G.R. No. 222482, June 2, 2020,
♦ Decision, J. Reyes Jr., [J]
♦ Concurring Opinion, Leonen, [J]
♦ Separate Concurring Opinion, Caguioa, [J]
♦ Separate Concurring Opinion, Lazaro-Javier, [J]
♦ Separate Concurring Opinion, Zalameda, [J]

[ G.R. No. 222482, June 02, 2020 ]

PRINCESS RACHEL DEVELOPMENT CORPORATION AND BORACAY ENCLAVE CORPORATION, PETITIONERS, V. HILL VIEW MARKETING CORPORATION, STEFANIE DORNAU AND ROBERT DORNAU, RESPONDENTS.

SEPARATE CONCURRING OPINION

LAZARO-JAVIER, J.:

I concur in the result.

In Legarda v. Saleeby1 and the twin cases of JM Tuason & Co., Inc. v. Macalindong2 and JM Tuason & Co., Inc. v. Lumanlan,3 the Court essentially held that a person who occupies a titled property is presumed to have knowledge of this title, including the metes and bounds of the property. These cases do not apply here.

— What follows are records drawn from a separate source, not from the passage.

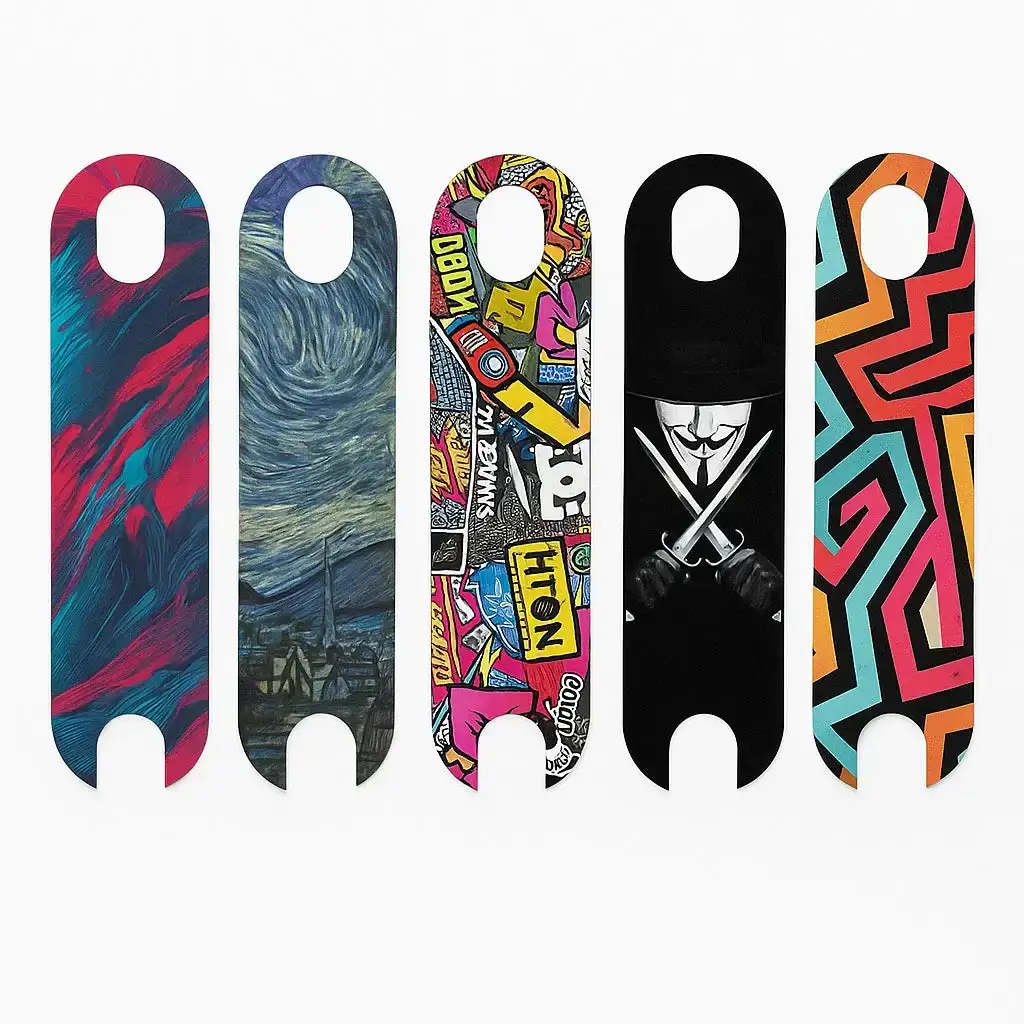 Anti-Slip Footboard Stickers for Xiaomi M365 Pro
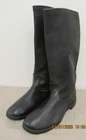 WWII Type Red Army Artifficial Leather Long Boots. KIRZACHI Size 11.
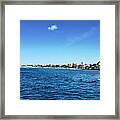 Along The Shore Framed Print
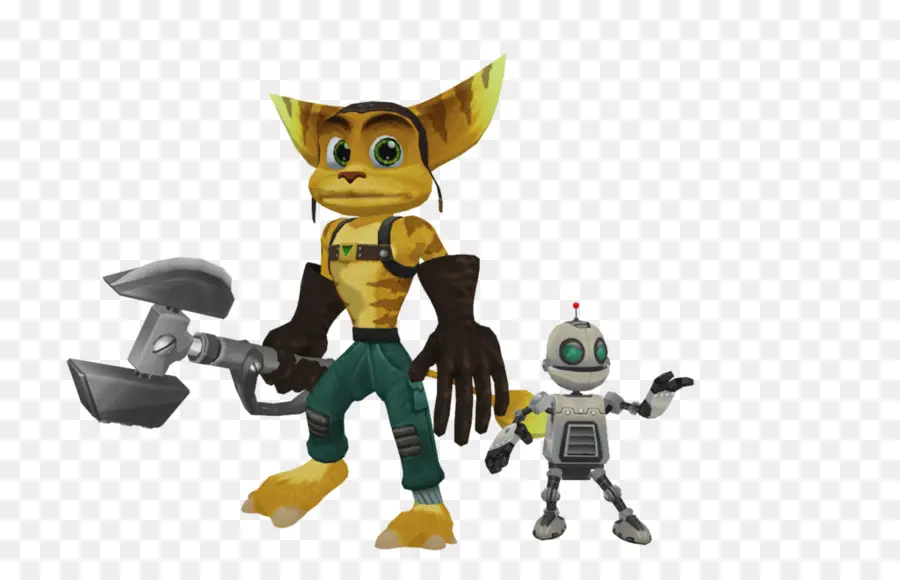 Ratchet Clank All 4 One，Ratchet Clank PNG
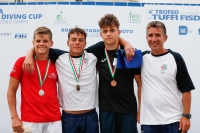 Thumbnail - Boys A 1m - Diving Sports - 2019 - Roma Junior Diving Cup - Victory Ceremony 03033_21144.jpg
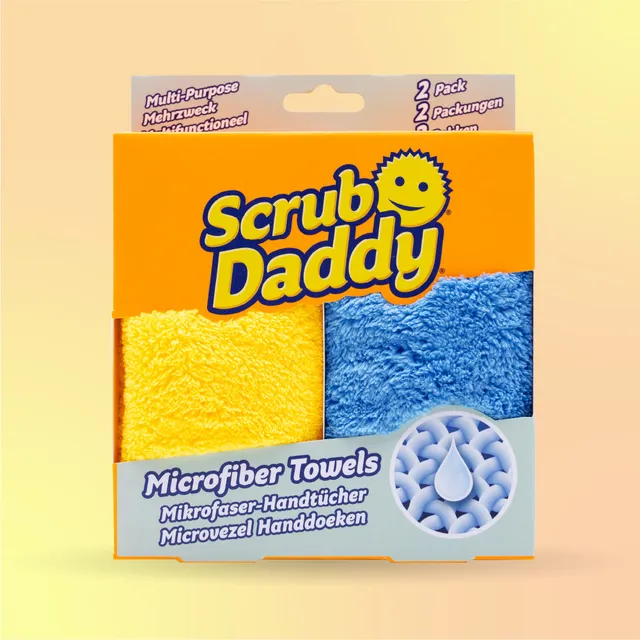 Scrub Mommy Microfibre Cloths utěrky 2 ks 25x25 cm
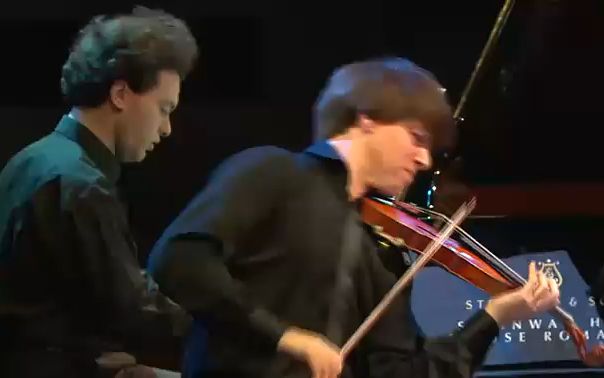 [图]门德尔松 d小调第一钢琴三重奏OP.49基辛 贝尔 麦斯基verbier festival2009_高清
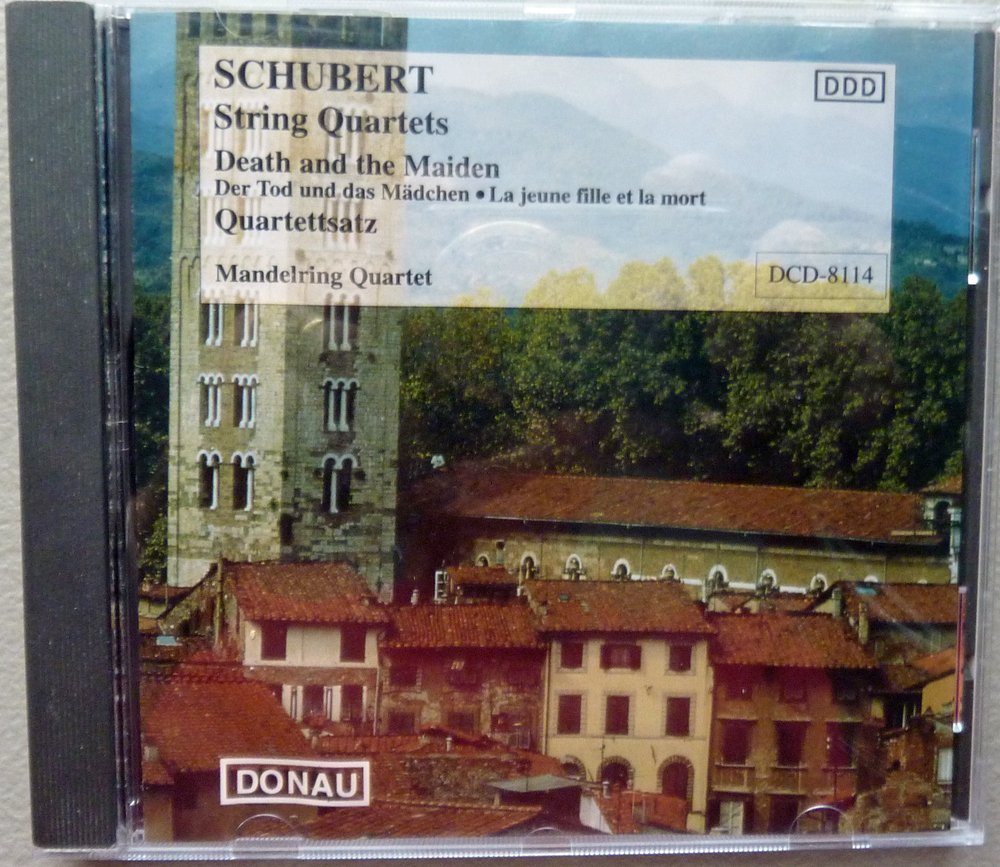 SCHUBERT-STRING QUARTETS
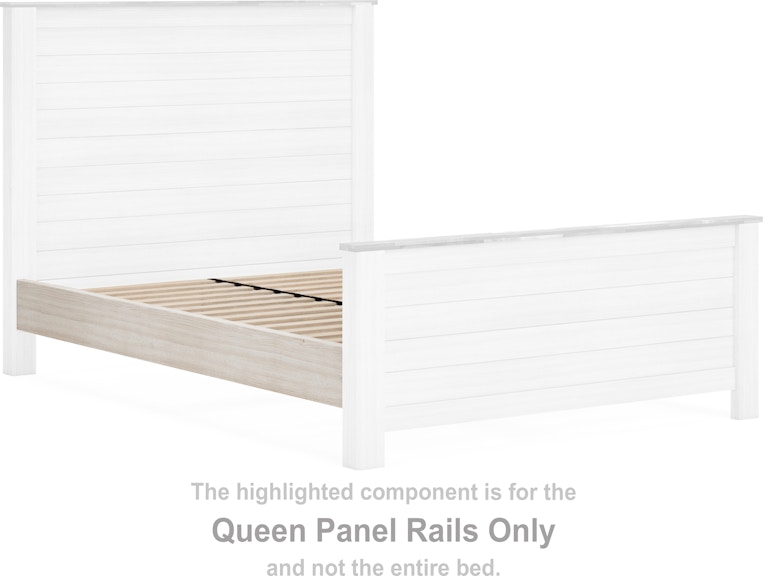 Signature Design by Ashley Willowton Queen Panel Rails B267-98 B267-98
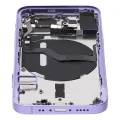 Back Housing W/ Small Parts For iPhone 12 Mini (EU / Global Version) (Aftermarket Plus) (Purple)
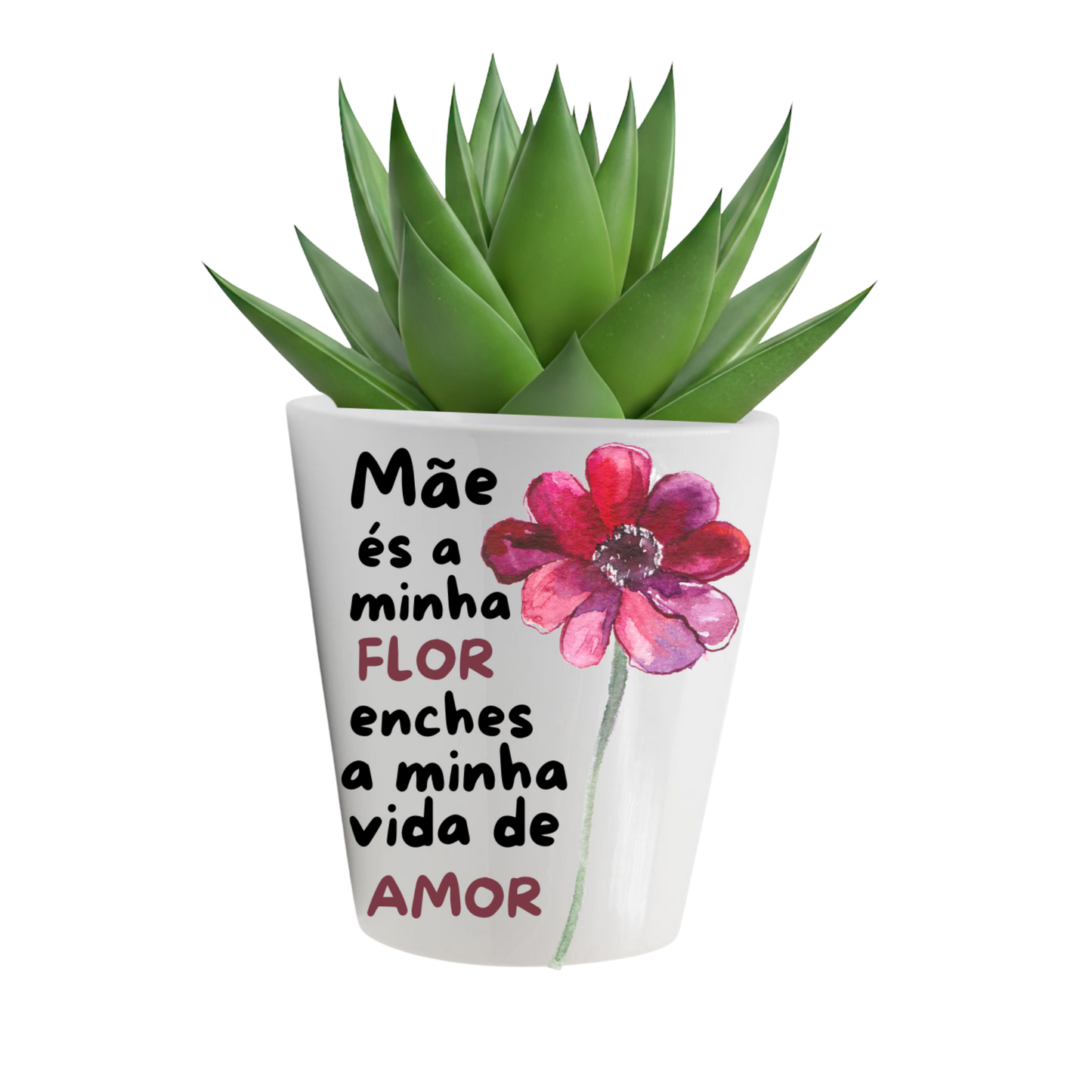 Design Vaso Mãe és a minha flor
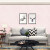 一居尚品客厅纯色墙布无缝全屋卧室电视墙壁布现代简约背景墙布蚕丝银灰色
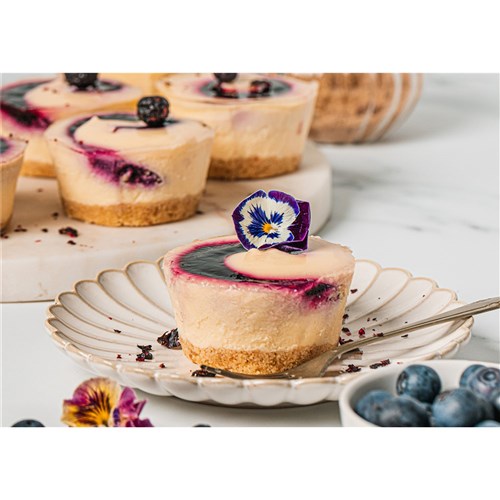 Individual Blueberry Cheesecake (8pcs)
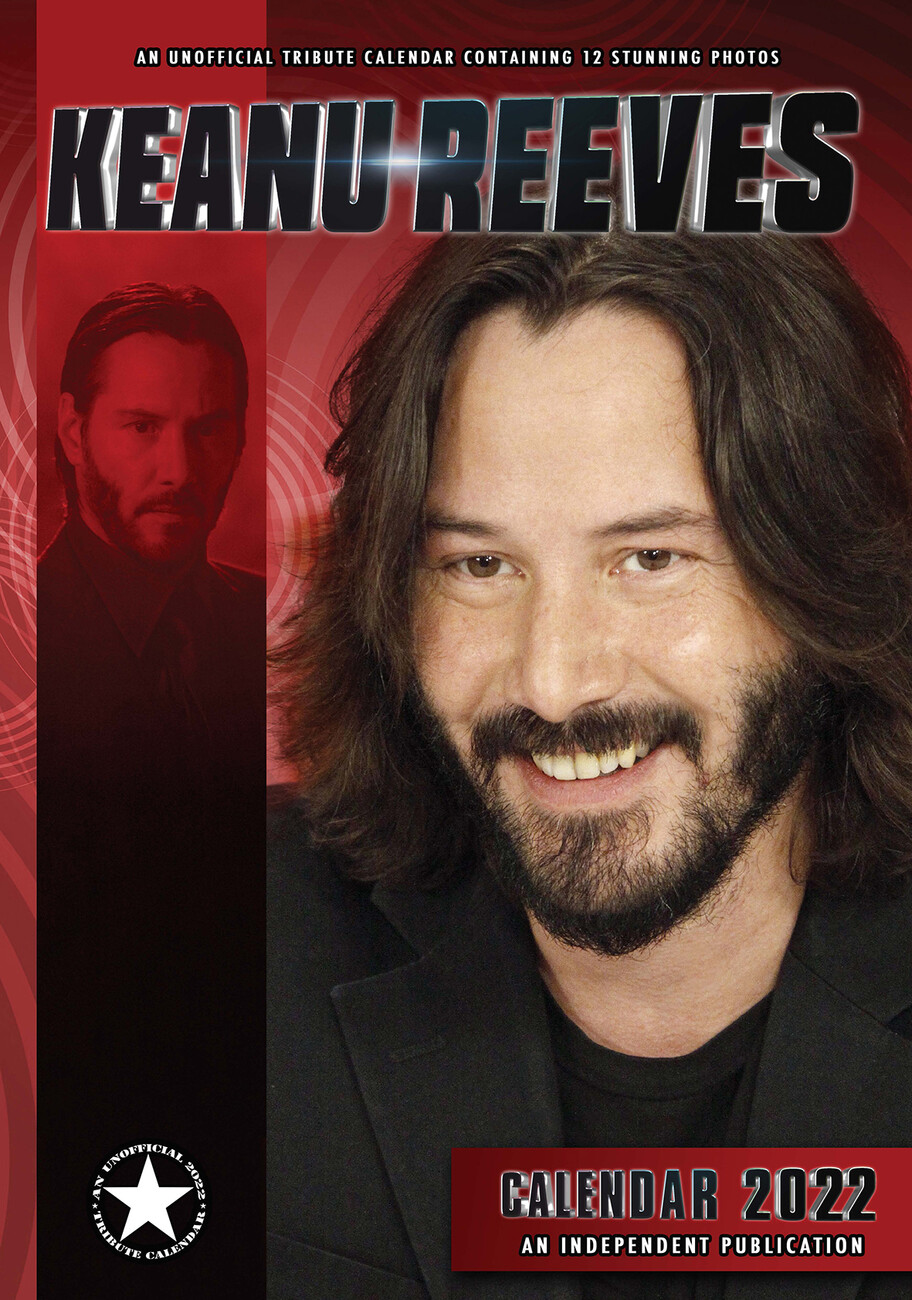 Details about   Keanu Reeves 2021 Wall Calendar The Legend of 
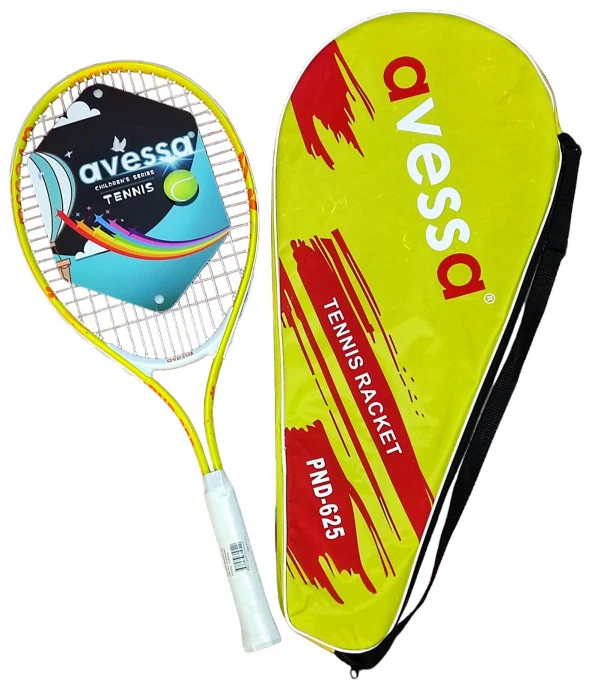 Avessa Pnd-625S Zürafa Desenli Tenis Raketi Sarı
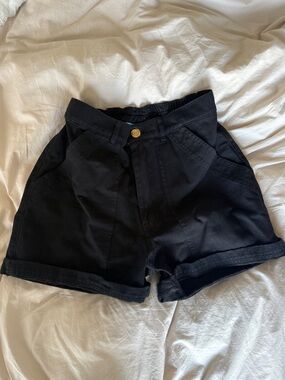 Big Bud Press Black Work Shorts
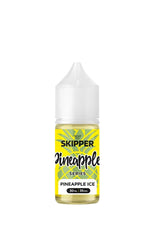 SKIPPER PINEAPPLE SERIES NIC SALT - PINEAPPLE ICE - 30ML (35MG-50MG)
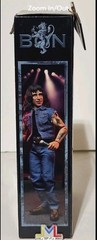 NECA Bon Scott AC/DC Highway to Hell 8-Inch Clothed Action Figure Damaged Box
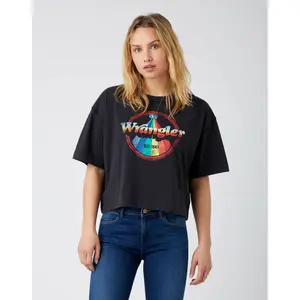 Frauen-T-Shirt Wrangler Boxy image-1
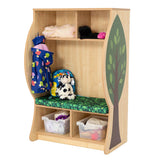Willowbrook Tree Cloakroom with Props DFEC098 Childrens Furniture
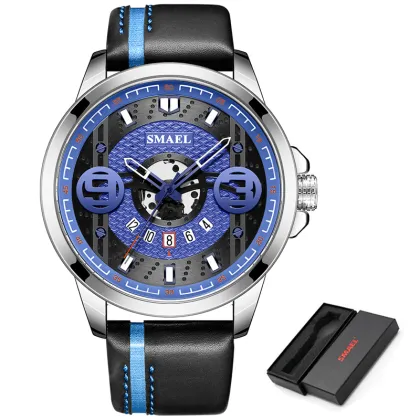 SMAEL Fashion Sports Mens Watches Top Brand Luxury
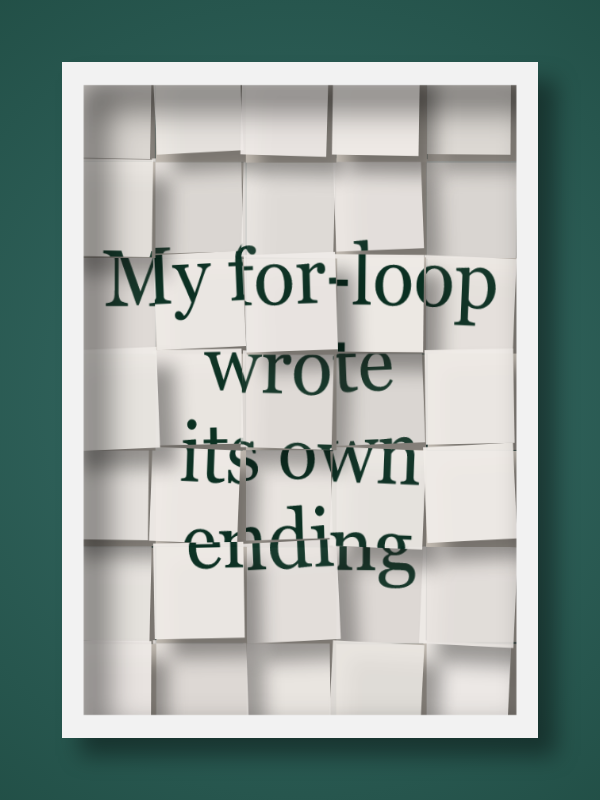 The Metaphor Machine #14692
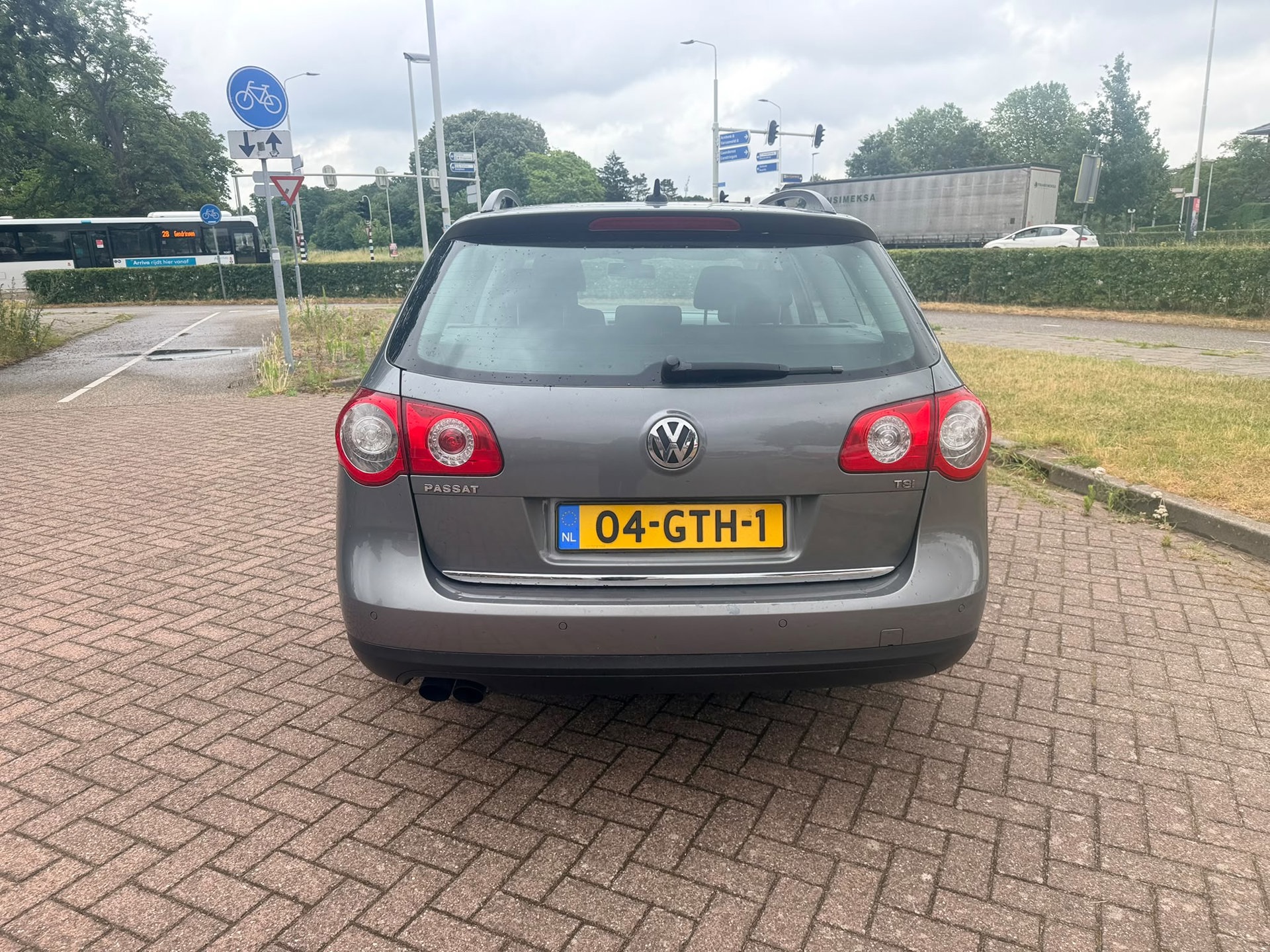Foto van Volkswagen Passat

In the 1915 En Banc case of Legarda v. Saleeby, plaintiffs and defendant owned adjoining lots in Ermita, Manila. For years, a stone wall had stood between these lots. The parties' respective predecessors-in-interest filed separate petitions for registration of their individual properties. The trial court granted plaintiffs' petition on October 25, 1906, and defendant's petition, on March 25, 1912. On even dates, the court also issued their individual original certificates of title. Both their titles, however, included the portion where the dividing wall stood. The issue --- who owned this portion? The Court held:

The question, who is the owner of land registered in the name of two different persons, has been presented to the courts in other jurisdictions. In some jurisdictions, where the "torrens" system has been adopted, the difficulty has been settled by express statutory provision. In others it has been settled by the courts. Hogg, in his excellent discussion of the "Australian Torrens System," at page 823, says: "The general rule is that in the case of two certificates of title, purporting to include the same land, the earlier in date prevails, whether the land comprised in the latter certificate be wholly, or only in part, comprised in the earlier certificate. Hogg adds however that, "if it can be clearly ascertained by the ordinary rules of construction relating to written documents, that the inclusion of the land in the certificate of title of prior date is a mistake, the mistake may be rectified by holding the latter of the two certificates of title to be conclusive." Niblack, in discussing the general question, said: "Where two certificates purport to include the same land the earlier in date prevails . . . In successive registrations, where more than one certificate is issued in respect of a particular estate or interest in land, the person claiming under the prior certificate is entitled to the estate or interest; and that person is deemed to hold under the prior certificate who is the holder of, or whose claim is derived directly or indirectly from the person who was the holder of the earliest certificate issued in respect thereof. While the acts in this country do not expressly cover the case of the issue of two certificates for the same land, they provide that a registered owner shall hold the title, and the effect of this undoubtedly is that where two certificates purport to include the same registered land, the holder of the earlier one continues to hold the title". (emphases added, citations omitted)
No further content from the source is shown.